The degree of instrumentality rests on the principle of forecasting. Since human beings contemplate the future, instruments for foreseeing the negative consequences of future are required. One of the aspects that lead people to intellectualize the uncertainty is the creation of risk. The scientificization of risk suggests not only that a decision correlates with two types of ambivalent effects, a1 or a2 enrooted in the probability, but also works as a form of comprehending the events of environment. This means no more than that decision makers (lay people) induced by scientifics (expertise) can prevent the state of disaster is the right decision is made. This false belief leads us in to a vicious circle because the risk engenders further derived risks. The advance of science entails in some degree the multiplication of risks. However, Bradley does not recognize the conceptual difference between a risk and a danger. While a risk obeys a probable consequence of a previous decision, a danger is understood as a derivative consequence of such a process. People who are involved in the decision‐making process create risks, simply because their expectances are subject to the principle of contingency (their courses of action hold certain consequences). Rather, dangers or threats are suffered by the victims who are unable to avoid the state of disasters. To be more precise, a commercial airplane accident in which 240 passengers died, at first glance seems to be a daunting disaster. However, the victims had no way to avoid their destiny; the risk was created by the owners who, a couple months earlier, decided to reduce their costs which in turn increased the vulnerability of the airplanes. Whereas the victims are passive actors who suffer the consequences, only the owners take the risks. This ad hoc example not only helps us to understand the divergences between risk and threats, but warns about the moral problems of pre‐conceiving the risks as dangers. A moot point like this is lost sight of in the Bradley's debate.

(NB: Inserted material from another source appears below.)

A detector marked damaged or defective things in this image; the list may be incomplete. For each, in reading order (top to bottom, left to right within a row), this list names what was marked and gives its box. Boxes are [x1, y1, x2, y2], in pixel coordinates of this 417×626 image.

Apocalyptic theories which prophesize the end of the world or a state of catastrophe often misjudge the boundaries between what possible and probable is. The former refers to a hypothesized condition, which is rooted in the imaginary and fantasy. The possibilities of dying in a megadisaster exist but seem to have scant probabilities. Probabilities are specific mathematical construes aimed at giving certainness with respect to an event or occurrence. Whenever the boundaries between possibility and probability blur, panic emerges. In late modernity, the cultural industries of entertainment create pseudo‐states of disaster aimed at enhancing mass‐consumption by means of the articulation of fear and exceptionality. Of course, the crash or accident of an airplane is possible (from all perspectives) but improbable (in the concrete terms of mathematical algorithms). What remains in these types of entertainments is the fact that after all we have indeed survived. This state of exceptionality is functional not only to the status quo but also nourishes an ethnocentric discourse. In order to give more impact to the argument, apocalyptic theory emphasizes the vulnerability of children and women, who often represent the resources and next generation of the society. One recognizes that even though Professor Bradley provides some clear examples as to how one can survive in post‐disaster contexts, his main argument rests on foundations too shaky to be considered with sufficient credibility.